The fixed point set, \(\text{Fix} (h)\), of a piecwise linear map \(h:P \times I\to P\) is the set of points where \(h\) coincides with the projection \(\pi: P\times I\to P\). If \(K\) is a finite simplicial complex, \(K_0\) a simplicial subdivision of \(K\times I\), \(K_0'\) a subdivision of a barycentric subdivision of \(K_0\), and \(f:K_0'\to K\) a simplicial map, and if \(|\pi |: |K_0' |\to |K|\) denotes the projection, then \(\text{Fix} (|f|) =\{x\in |K_0 |: |f|(x) =|\pi|(x)\}\). The author proves that \(\dim (\text{Fix} (|f|)) \leq 1\).

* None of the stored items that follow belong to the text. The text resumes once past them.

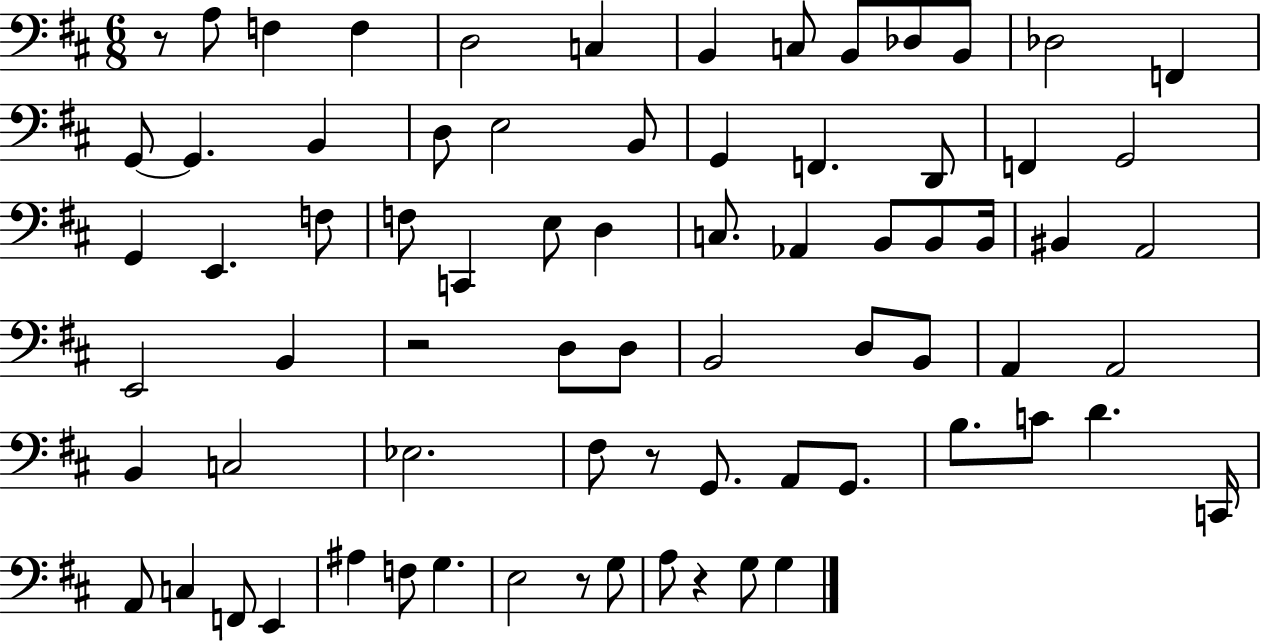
{
  \clef bass
  \numericTimeSignature
  \time 6/8
  \key d \major
  r8 a8 f4 f4 | d2 c4 | b,4 c8 b,8 des8 b,8 | des2 f,4 | \break g,8~~ g,4. b,4 | d8 e2 b,8 | g,4 f,4. d,8 | f,4 g,2 | \break g,4 e,4. f8 | f8 c,4 e8 d4 | c8. aes,4 b,8 b,8 b,16 | bis,4 a,2 | \break e,2 b,4 | r2 d8 d8 | b,2 d8 b,8 | a,4 a,2 | \break b,4 c2 | ees2. | fis8 r8 g,8. a,8 g,8. | b8. c'8 d'4. c,16 | \break a,8 c4 f,8 e,4 | ais4 f8 g4. | e2 r8 g8 | a8 r4 g8 g4 | \break \bar "|."
}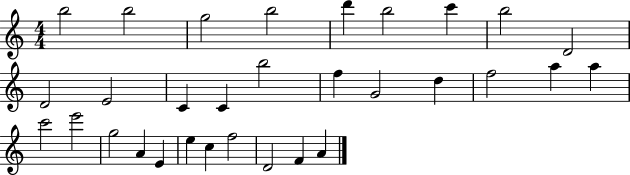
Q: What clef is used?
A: treble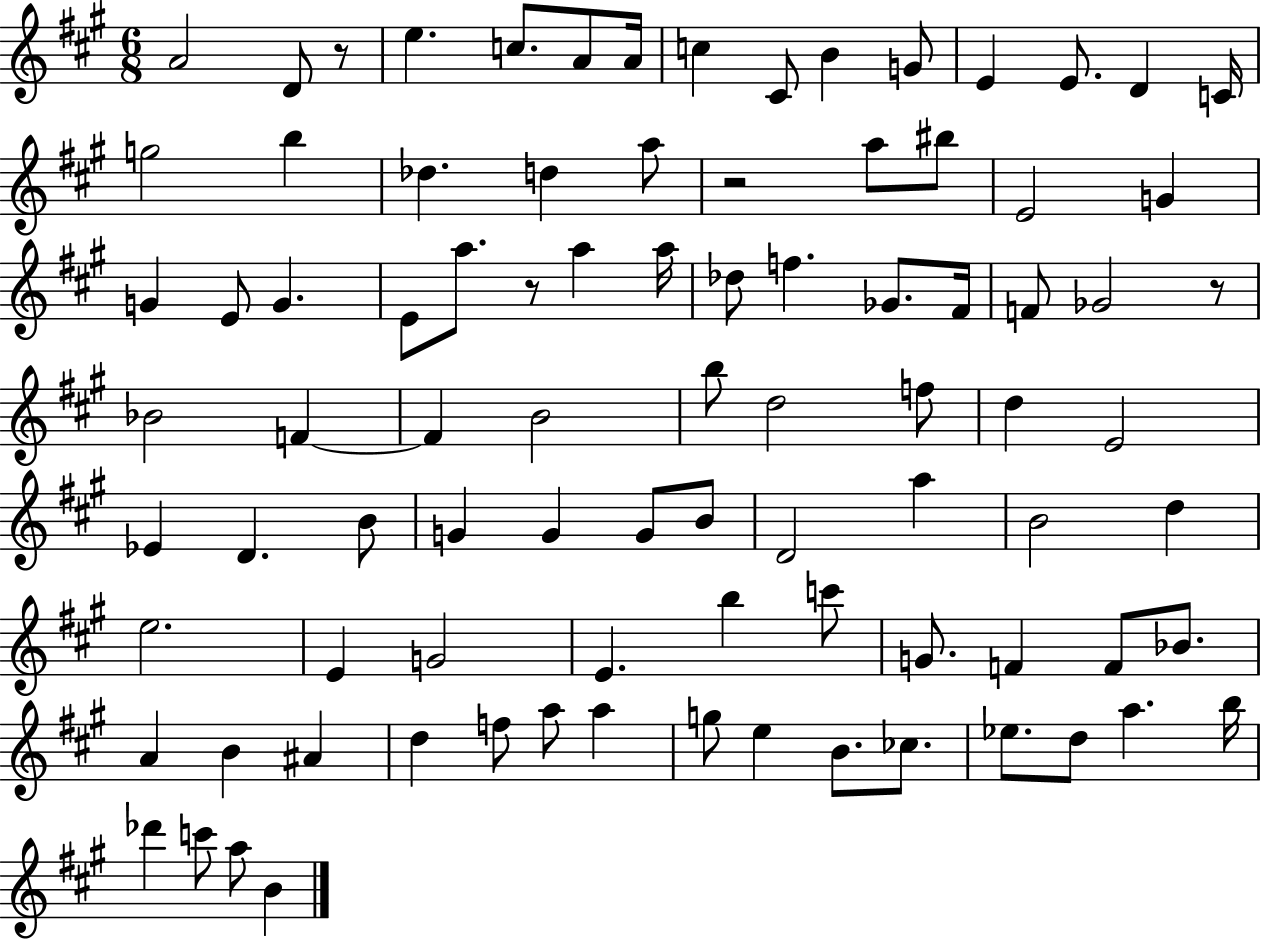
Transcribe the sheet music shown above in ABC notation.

X:1
T:Untitled
M:6/8
L:1/4
K:A
A2 D/2 z/2 e c/2 A/2 A/4 c ^C/2 B G/2 E E/2 D C/4 g2 b _d d a/2 z2 a/2 ^b/2 E2 G G E/2 G E/2 a/2 z/2 a a/4 _d/2 f _G/2 ^F/4 F/2 _G2 z/2 _B2 F F B2 b/2 d2 f/2 d E2 _E D B/2 G G G/2 B/2 D2 a B2 d e2 E G2 E b c'/2 G/2 F F/2 _B/2 A B ^A d f/2 a/2 a g/2 e B/2 _c/2 _e/2 d/2 a b/4 _d' c'/2 a/2 B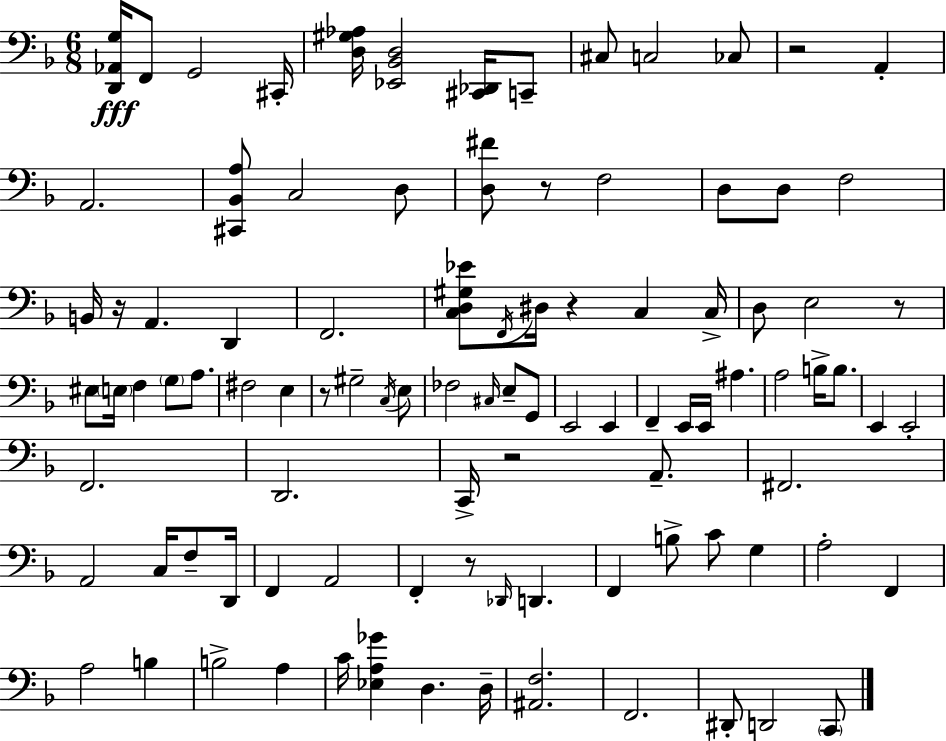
{
  \clef bass
  \numericTimeSignature
  \time 6/8
  \key d \minor
  \repeat volta 2 { <d, aes, g>16\fff f,8 g,2 cis,16-. | <d gis aes>16 <ees, bes, d>2 <cis, des,>16 c,8-- | cis8 c2 ces8 | r2 a,4-. | \break a,2. | <cis, bes, a>8 c2 d8 | <d fis'>8 r8 f2 | d8 d8 f2 | \break b,16 r16 a,4. d,4 | f,2. | <c d gis ees'>8 \acciaccatura { f,16 } dis16 r4 c4 | c16-> d8 e2 r8 | \break eis8 \parenthesize e16 f4 \parenthesize g8 a8. | fis2 e4 | r8 gis2-- \acciaccatura { c16 } | e8 fes2 \grace { cis16 } e8-- | \break g,8 e,2 e,4 | f,4-- e,16 e,16 ais4. | a2 b16-> | b8. e,4 e,2-. | \break f,2. | d,2. | c,16-> r2 | a,8.-- fis,2. | \break a,2 c16 | f8-- d,16 f,4 a,2 | f,4-. r8 \grace { des,16 } d,4. | f,4 b8-> c'8 | \break g4 a2-. | f,4 a2 | b4 b2-> | a4 c'16 <ees a ges'>4 d4. | \break d16-- <ais, f>2. | f,2. | dis,8-. d,2 | \parenthesize c,8 } \bar "|."
}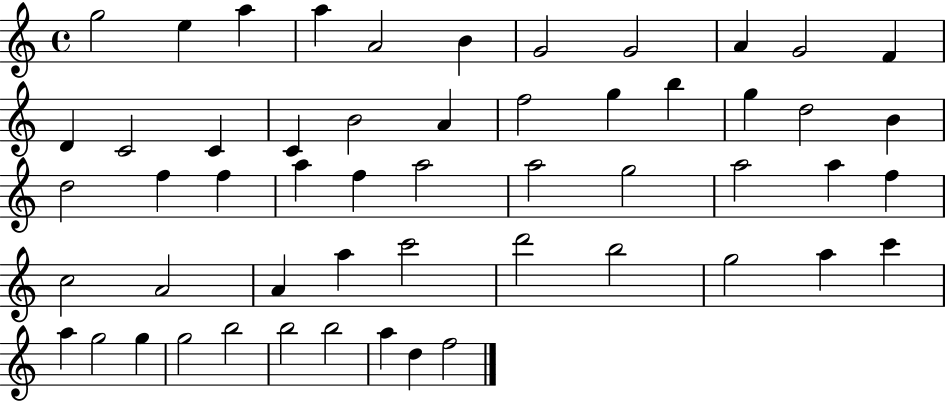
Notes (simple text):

G5/h E5/q A5/q A5/q A4/h B4/q G4/h G4/h A4/q G4/h F4/q D4/q C4/h C4/q C4/q B4/h A4/q F5/h G5/q B5/q G5/q D5/h B4/q D5/h F5/q F5/q A5/q F5/q A5/h A5/h G5/h A5/h A5/q F5/q C5/h A4/h A4/q A5/q C6/h D6/h B5/h G5/h A5/q C6/q A5/q G5/h G5/q G5/h B5/h B5/h B5/h A5/q D5/q F5/h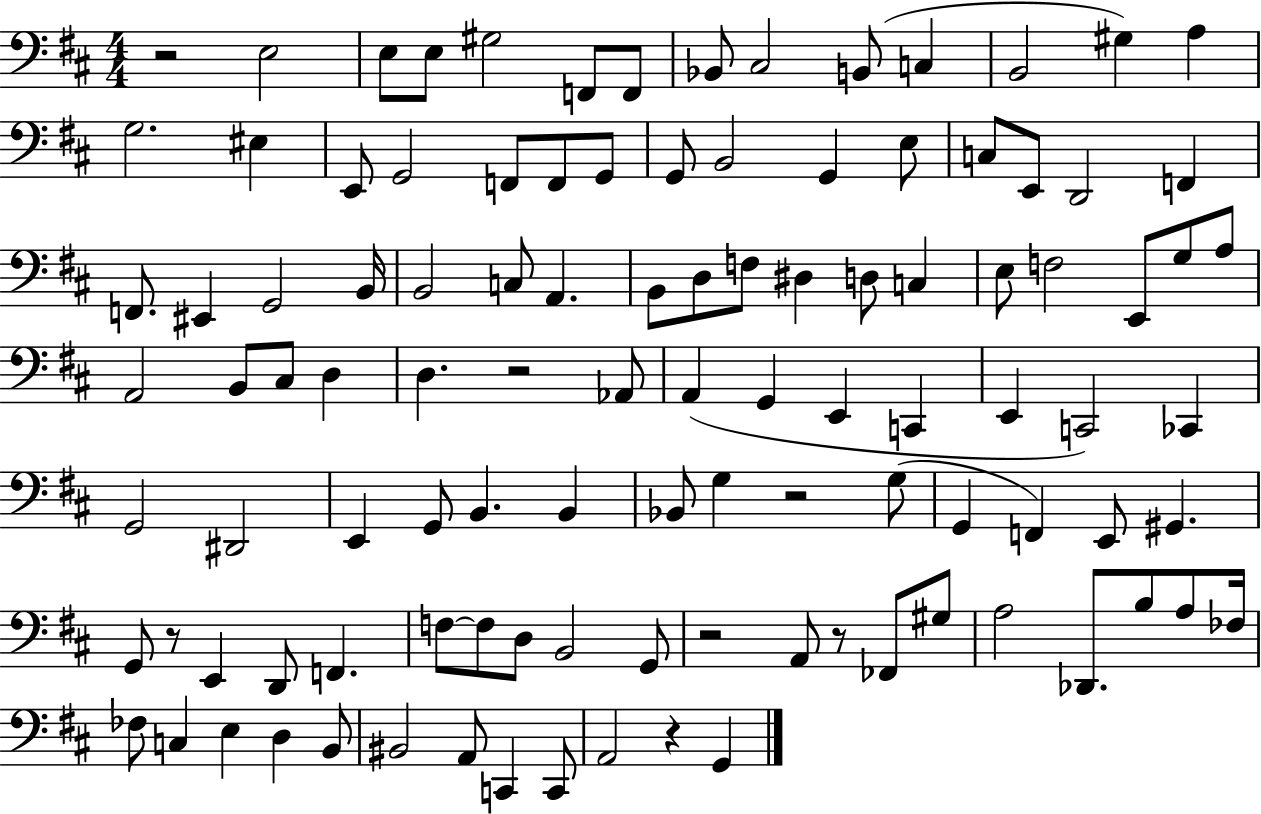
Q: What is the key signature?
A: D major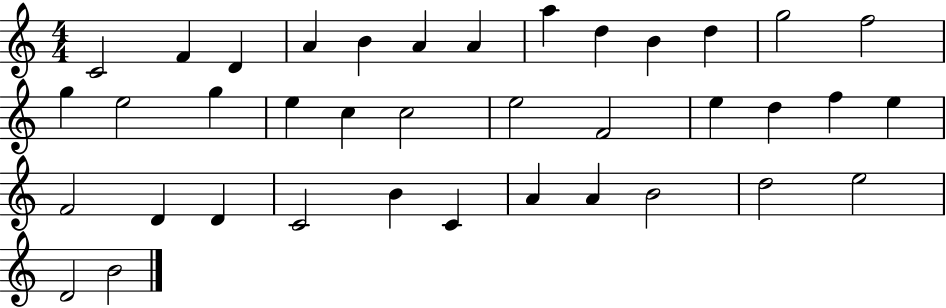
{
  \clef treble
  \numericTimeSignature
  \time 4/4
  \key c \major
  c'2 f'4 d'4 | a'4 b'4 a'4 a'4 | a''4 d''4 b'4 d''4 | g''2 f''2 | \break g''4 e''2 g''4 | e''4 c''4 c''2 | e''2 f'2 | e''4 d''4 f''4 e''4 | \break f'2 d'4 d'4 | c'2 b'4 c'4 | a'4 a'4 b'2 | d''2 e''2 | \break d'2 b'2 | \bar "|."
}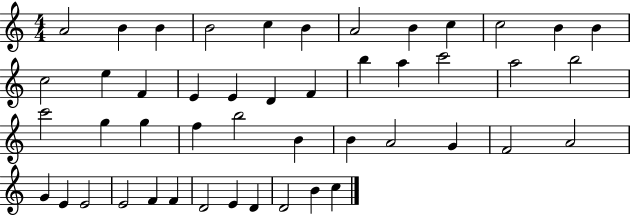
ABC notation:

X:1
T:Untitled
M:4/4
L:1/4
K:C
A2 B B B2 c B A2 B c c2 B B c2 e F E E D F b a c'2 a2 b2 c'2 g g f b2 B B A2 G F2 A2 G E E2 E2 F F D2 E D D2 B c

Moreover, if \(N\subset |K_0' |\) is the union of the stars of all open simplexes, which meet \(\text{Fix} (|f|)\), and \({\mathcal U}\) is the cover of \(|K|\) by the closures of the stars of vertices of \(K\), then there is a subdivision \(K_0'\) of \(K_0'\) and a simplicial map \(g:K_0' \to K\), with \(|g|\) \({\mathcal U}\)-homotopic to \(|f |\) by the homotopy \(\text{rel cl} (|K_0' |\smallsetminus N)\), such that \(\text{Fix} (|g|) \subset S_0 \cup S_1\), where \(S_1= |\pi |^{-1} (\bigcup\{s \in K:lk(s,K)= \emptyset\})\), \(S_0=|\pi|^{-1} (\bigcup \{s\in K:lk(s,K) \neq\emptyset\) but not connected\}), and \(\dim(S_1\cap \text{Fix} (|g|)) =0\) or 1.